AWS Database¶

Scope¶

Consolidated overview of AWS database services and selection framework. Covers database selection decision framework (relational vs NoSQL vs graph vs time-series vs in-memory vs ledger), DocumentDB (MongoDB-compatible), Neptune (graph), Timestream (time-series), Keyspaces (Cassandra-compatible), MemoryDB (Redis-compatible durable), QLDB (ledger), cross-service comparison, database connectivity patterns, and migration paths. RDS/Aurora, DynamoDB, and ElastiCache are covered in dedicated files and cross-referenced here.

Checklist¶

Cross-Service Comparison¶

Service	Data Model	Latency	Max Storage	Serverless Option	Multi-Region	Primary Use Case
RDS/Aurora	Relational	Low ms	128 TiB (Aurora)	Aurora Serverless v2	Global Database	OLTP, complex queries
DynamoDB	Key-value, document	Single-digit ms	Unlimited	On-demand mode	Global tables	Known access patterns at scale
ElastiCache	Key-value, data structures	Sub-ms	635 GiB/node	ElastiCache Serverless	No (single region)	Caching, ephemeral data
DocumentDB	Document (MongoDB)	Low ms	128 TiB	Elastic clusters	Global clusters	MongoDB-compatible workloads
Neptune	Graph (property + RDF)	Low ms	128 TiB	Neptune Serverless	Global Database	Relationships, knowledge graphs
Timestream	Time-series	Low ms	Unlimited	Serverless-native	No (single region)	IoT, DevOps metrics, analytics
Keyspaces	Wide-column (Cassandra)	Single-digit ms	Unlimited	Serverless-native	Multi-Region replication	Cassandra-compatible workloads
MemoryDB	Key-value, data structures	Sub-ms reads, low ms writes	635 GiB/node	No	Multi-Region (preview)	Durable in-memory primary DB
QLDB	Ledger (document)	Low ms	100 GB/ledger	Serverless-native	No	Immutable audit (end-of-support Jul 2025)

Database Connectivity Patterns¶

RDS Proxy¶

RDS Proxy sits between applications and RDS/Aurora databases, providing connection pooling, multiplexing, and faster failover.

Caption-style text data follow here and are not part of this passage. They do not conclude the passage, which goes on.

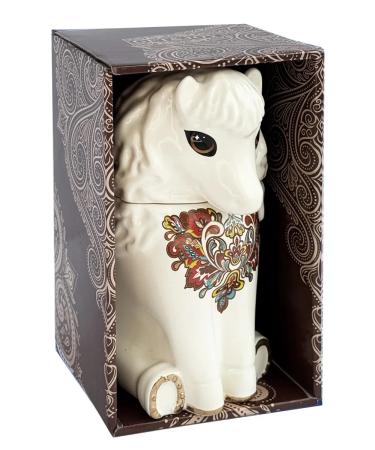 GET&JOY Coffee in a ceramic bank Symbol of the year 2026 - Beige horse - Buy Online on GoSupps.com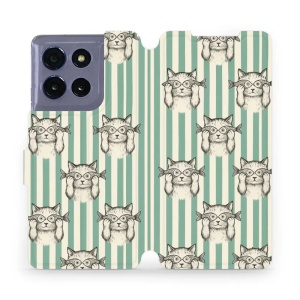 Flipové pouzdro Mobiwear - Motorola Moto G86 5G - VP90S Číča ryby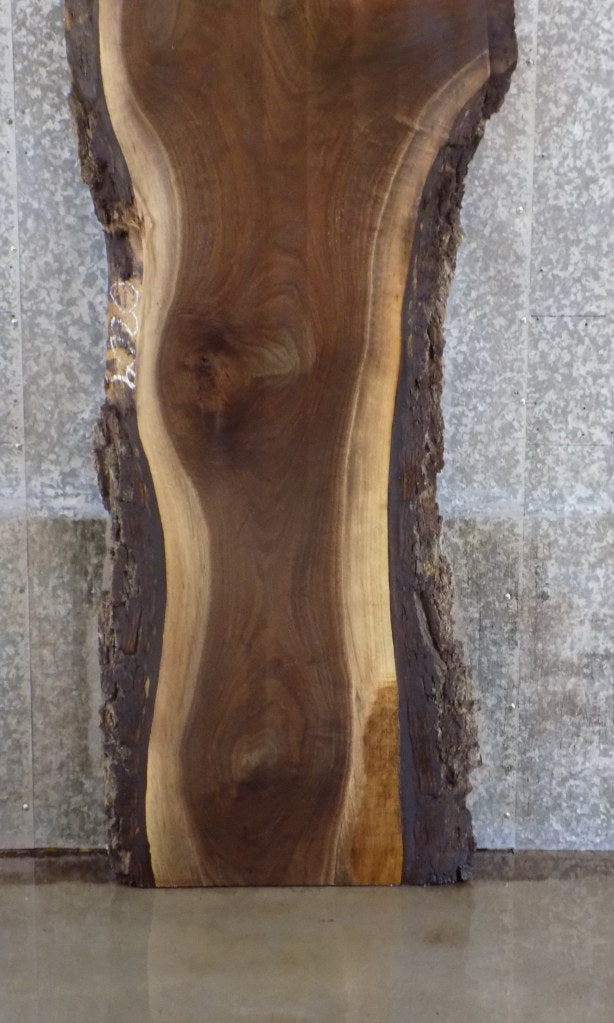 Rustic Live Edge Black Walnut Bar/Table/Desk Top Slab CLOSEOUT 45106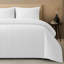 Microfiber Striped Duvet Cover Set-127924611-127924616
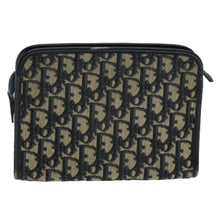Load image into Gallery viewer, Dior Navy and Tan Trotter Clutch
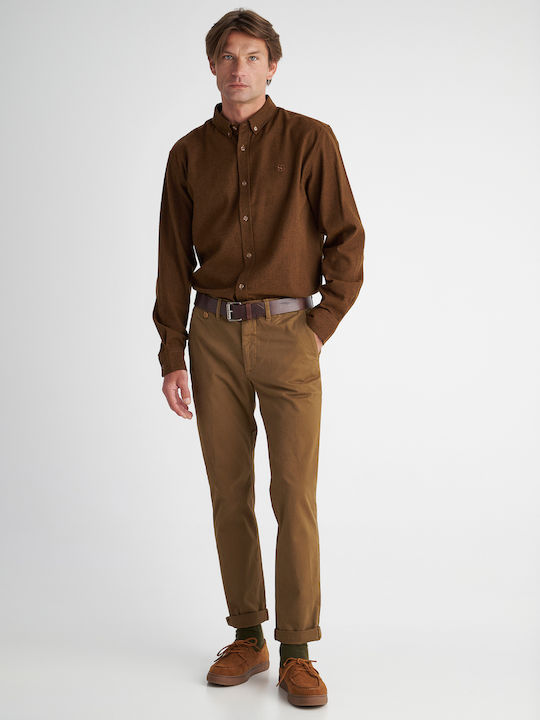 Culton Trousers in Regular Fit Brown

Critical for Lambda-to-database connectivity where rapid function scaling creates thousands of short-lived connections. RDS Proxy reduces failover time by up to 66% by maintaining connections to standby instances. Supports IAM authentication and Secrets Manager integration for credential management.

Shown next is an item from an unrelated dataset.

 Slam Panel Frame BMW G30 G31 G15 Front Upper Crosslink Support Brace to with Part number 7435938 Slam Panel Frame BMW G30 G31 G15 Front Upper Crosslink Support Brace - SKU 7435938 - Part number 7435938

VPC Endpoints (PrivateLink)¶

Serverless database services (DynamoDB, Timestream, Keyspaces, QLDB) are accessed via public endpoints by default. VPC gateway endpoints (DynamoDB) and interface endpoints (Timestream, Keyspaces, QLDB, DocumentDB) keep traffic within the AWS network, avoiding NAT gateway data processing charges and improving security posture. Interface endpoints incur per-hour and per-GB charges but eliminate data transfer through NAT gateways.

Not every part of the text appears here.